§ **EXERCISE DIRECTIONS**
Every line of the data below should be retyped exactly, with no images carried over.

DATA EXCERPTS START

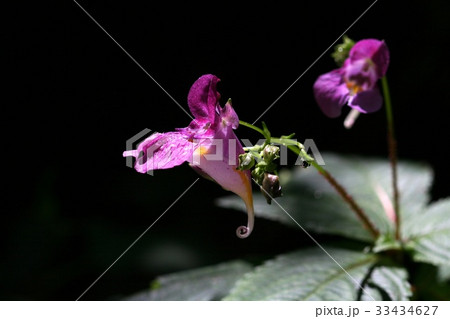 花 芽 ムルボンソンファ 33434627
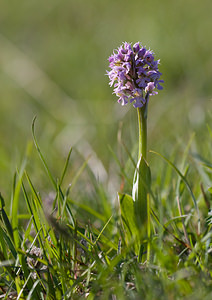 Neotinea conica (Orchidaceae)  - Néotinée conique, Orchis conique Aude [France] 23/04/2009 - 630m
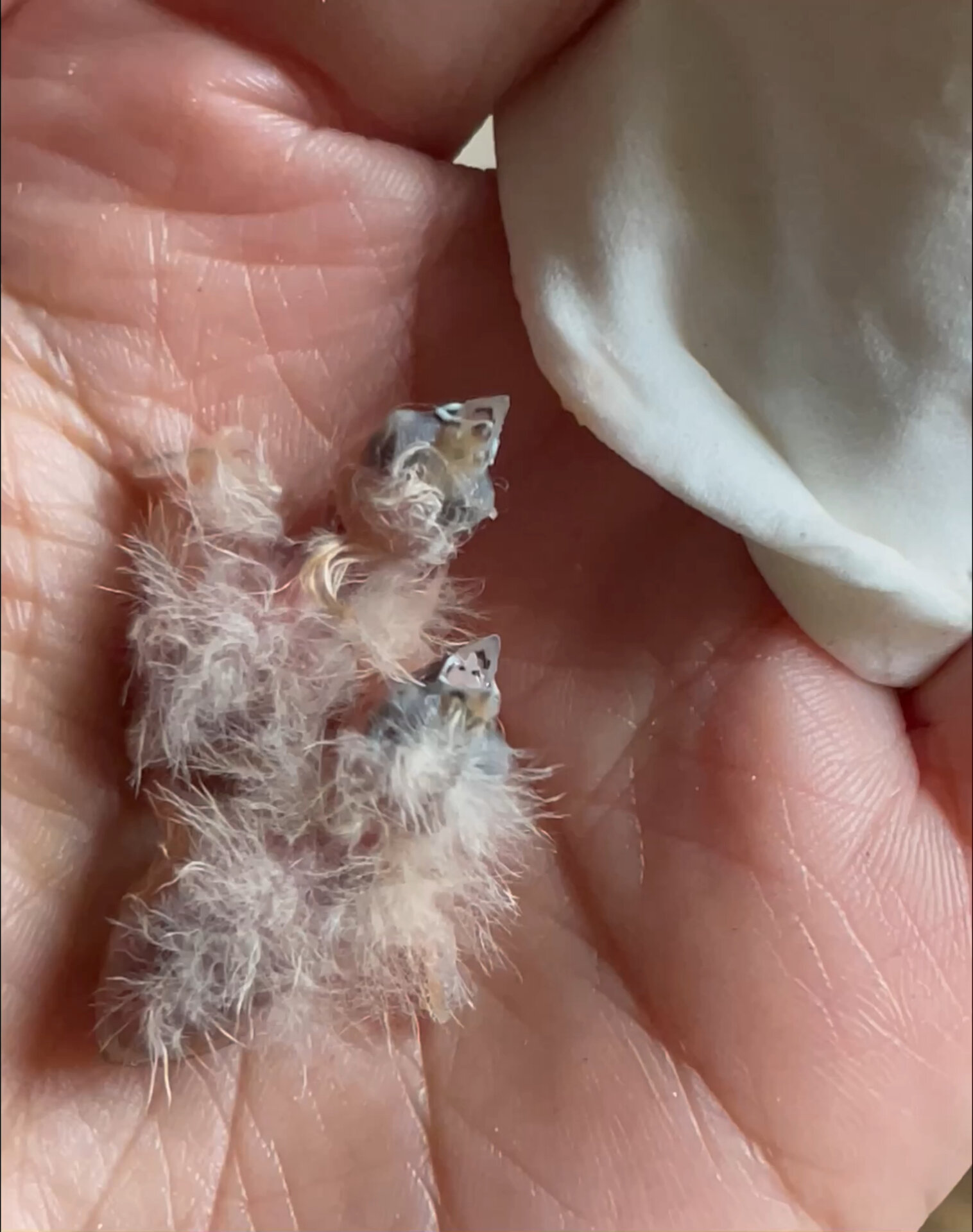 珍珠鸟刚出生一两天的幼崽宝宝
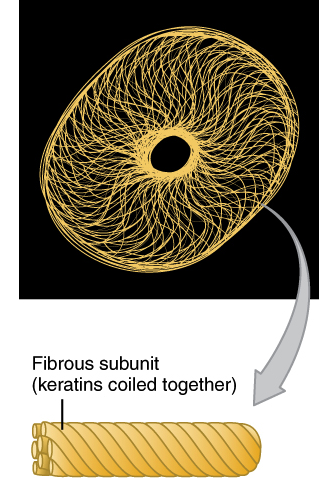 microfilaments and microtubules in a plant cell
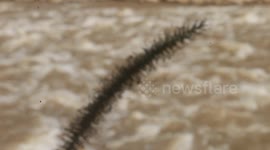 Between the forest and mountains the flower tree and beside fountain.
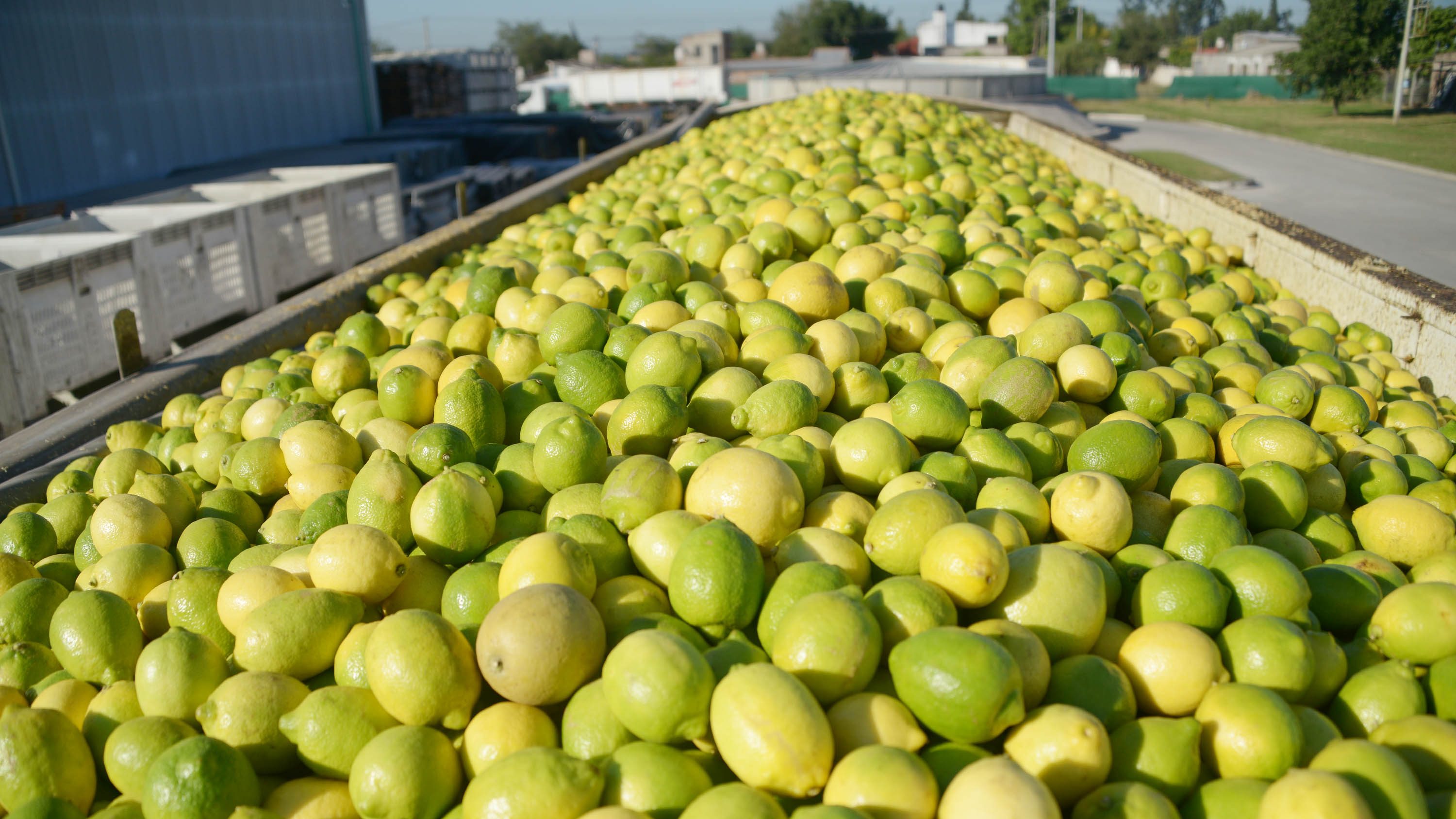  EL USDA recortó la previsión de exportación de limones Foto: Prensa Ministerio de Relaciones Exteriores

DATA EXCERPTS END

§ **ANSWER SPACE**
 花 芽 ムルボンソンファ 33434627
 Neotinea conica (Orchidaceae)  - Néotinée conique, Orchis conique Aude [France] 23/04/2009 - 630m
 珍珠鸟刚出生一两天的幼崽宝宝
 microfilaments and microtubules in a plant cell
 Between the forest and mountains the flower tree and beside fountain.
  EL USDA recortó la previsión de exportación de limones Foto: Prensa Ministerio de Relaciones Exteriores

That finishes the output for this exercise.